Quatro funcionários aposentados do Banco do Brasil conquistaram na Justiça, provisoriamente, o direito a receber o auxílio cesta-alimentação da Brasil Previ, que administra o fundo de pensão dos funcionários da instituição financeira.
Quatro funcionários aposentados do Banco do Brasil conquistaram na Justiça, provisoriamente, o direito a receber o auxílio cesta-alimentação da Brasil Previ, que administra o fundo de pensão dos funcionários da instituição financeira.

A decisão, que antecipou a tutela aos quatro servidores, é do juiz Jaubert Carneiro Jaques, da 4ª Vara Cível de Belo Horizonte. Cada aposentado terá o direito provisório de receber a complementação de R$ 272,93 mensais em suas aposentadorias. Em caso de descumprimento, a Previ será multada em R$ 30 mil para cada um dos aposentados.

Os servidores entraram com ação alegando que foram excluídos do benefício cesta-alimentação, concedido mensalmente aos funcionários da ativa. Eles reclamaram que a exclusão afronta o princípio da isonomia entre ativos e inativos e afirmaram que contribuíram integralmente “para participar, na plenitude, da complementação de aposentadoria” da Previ.

Jaubert Carneiro Jaques citou o acordo coletivo da Previ e ainda uma analogia do artigo 40, da Constituição, para identificar os requisitos para a antecipação da tutela, que são a verossimilhança e o periculum in mora, ou seja, a probabilidade de existência do direito e o perigo da demora, que pode causar dano de difícil reparação para os aposentados.

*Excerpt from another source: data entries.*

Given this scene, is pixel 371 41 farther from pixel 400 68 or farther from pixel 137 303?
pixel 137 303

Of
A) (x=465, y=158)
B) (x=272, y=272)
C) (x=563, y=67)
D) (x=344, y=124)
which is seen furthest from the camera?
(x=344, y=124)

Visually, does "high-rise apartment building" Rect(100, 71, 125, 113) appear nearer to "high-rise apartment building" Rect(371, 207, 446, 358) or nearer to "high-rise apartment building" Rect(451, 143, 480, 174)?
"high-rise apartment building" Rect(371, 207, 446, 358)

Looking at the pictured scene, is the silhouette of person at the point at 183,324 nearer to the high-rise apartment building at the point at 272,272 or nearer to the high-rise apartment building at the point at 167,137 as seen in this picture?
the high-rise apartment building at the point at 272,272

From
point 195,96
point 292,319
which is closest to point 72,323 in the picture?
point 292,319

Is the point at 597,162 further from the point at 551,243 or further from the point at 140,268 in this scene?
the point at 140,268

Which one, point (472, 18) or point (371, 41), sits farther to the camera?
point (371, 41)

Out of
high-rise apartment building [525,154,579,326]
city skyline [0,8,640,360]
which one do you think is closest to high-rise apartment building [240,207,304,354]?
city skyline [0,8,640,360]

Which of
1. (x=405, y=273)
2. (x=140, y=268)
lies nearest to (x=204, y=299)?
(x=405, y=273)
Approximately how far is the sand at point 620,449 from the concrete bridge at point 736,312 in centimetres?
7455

Para Jaubert Carneiro, os aposentados demonstraram que o benefício cesta-alimentação, previsto na cláusula 22 do acordo coletivo dos funcionários com a Previ, integra a remuneração mensal dos funcionários da ativa e, portanto, deve ser estendido aos inativos, conforme o artigo 40 da Constituição.

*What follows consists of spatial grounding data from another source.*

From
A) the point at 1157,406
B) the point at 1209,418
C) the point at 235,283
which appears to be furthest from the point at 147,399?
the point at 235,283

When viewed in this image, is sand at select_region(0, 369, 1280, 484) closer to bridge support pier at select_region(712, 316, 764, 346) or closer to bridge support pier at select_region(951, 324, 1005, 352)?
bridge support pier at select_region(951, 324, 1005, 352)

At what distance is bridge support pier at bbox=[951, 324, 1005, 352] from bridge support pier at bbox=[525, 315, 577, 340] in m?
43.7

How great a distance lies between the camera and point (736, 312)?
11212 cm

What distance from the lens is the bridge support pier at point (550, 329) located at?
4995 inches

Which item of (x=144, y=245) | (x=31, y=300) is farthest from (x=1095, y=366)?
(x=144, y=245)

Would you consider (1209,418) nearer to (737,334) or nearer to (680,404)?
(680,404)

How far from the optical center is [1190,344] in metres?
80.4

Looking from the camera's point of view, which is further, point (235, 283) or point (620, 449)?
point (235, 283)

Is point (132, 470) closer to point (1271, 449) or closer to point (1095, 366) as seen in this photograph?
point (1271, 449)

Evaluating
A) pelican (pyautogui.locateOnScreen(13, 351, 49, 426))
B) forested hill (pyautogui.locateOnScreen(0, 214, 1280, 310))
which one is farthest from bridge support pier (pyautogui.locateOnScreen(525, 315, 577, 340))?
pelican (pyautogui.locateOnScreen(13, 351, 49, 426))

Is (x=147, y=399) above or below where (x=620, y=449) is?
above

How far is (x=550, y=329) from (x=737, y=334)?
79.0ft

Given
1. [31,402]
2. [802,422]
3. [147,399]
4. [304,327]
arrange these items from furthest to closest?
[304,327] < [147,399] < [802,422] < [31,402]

O magistrado explicou que, apesar de o artigo referir-se a servidores públicos, “é plenamente cabível” a aplicação análoga aos servidores da Previ, por não ser a aposentadoria deles regida pelo regime jurídico da Previdência Social, mas, sim, “em decorrência de uma relação jurídica privada.

Por essa razão, segundo ele, “a ausência de tratamento isonômico é ainda mais injustificável”, porque os funcionários, agora inativos, contribuíram em igualdade de condições e bases de cálculo em relação aos funcionários ainda em atividade.